What is required:
In the listing below, a line holding "Ladder Career Path" and a line holding "Cartoon Tiger Geburtstag" mark the range. Retype both exactly, with all lines between them.

Input material:
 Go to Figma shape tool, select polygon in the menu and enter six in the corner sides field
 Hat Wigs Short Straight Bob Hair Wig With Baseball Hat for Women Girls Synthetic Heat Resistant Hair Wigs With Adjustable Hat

...

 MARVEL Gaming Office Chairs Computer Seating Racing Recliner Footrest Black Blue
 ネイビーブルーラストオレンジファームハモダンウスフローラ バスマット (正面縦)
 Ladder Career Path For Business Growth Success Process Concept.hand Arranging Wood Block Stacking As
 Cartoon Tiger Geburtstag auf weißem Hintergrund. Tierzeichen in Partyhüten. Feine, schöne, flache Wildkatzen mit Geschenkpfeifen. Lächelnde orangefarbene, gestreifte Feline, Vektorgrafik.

* * *

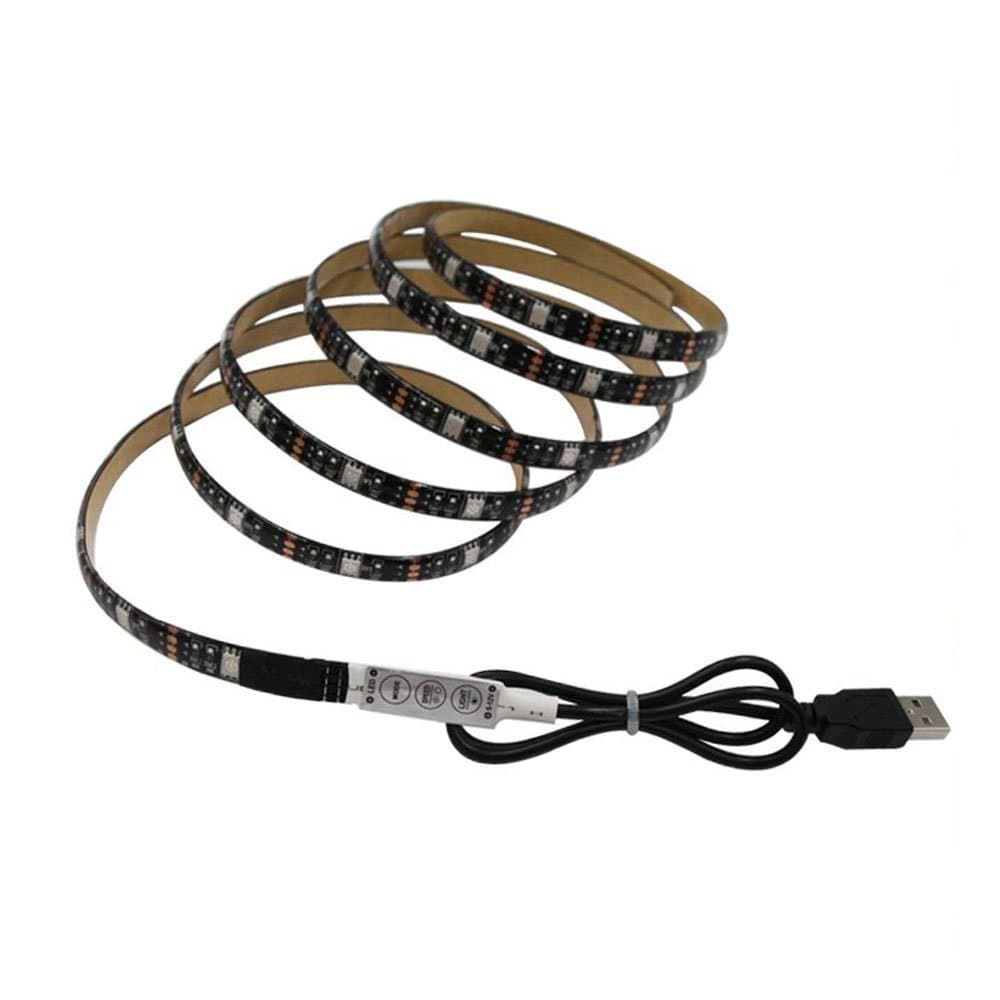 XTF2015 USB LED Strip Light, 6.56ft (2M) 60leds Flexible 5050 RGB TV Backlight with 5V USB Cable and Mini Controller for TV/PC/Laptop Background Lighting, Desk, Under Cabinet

Exercise output:
 Ladder Career Path For Business Growth Success Process Concept.hand Arranging Wood Block Stacking As
 Cartoon Tiger Geburtstag auf weißem Hintergrund. Tierzeichen in Partyhüten. Feine, schöne, flache Wildkatzen mit Geschenkpfeifen. Lächelnde orangefarbene, gestreifte Feline, Vektorgrafik.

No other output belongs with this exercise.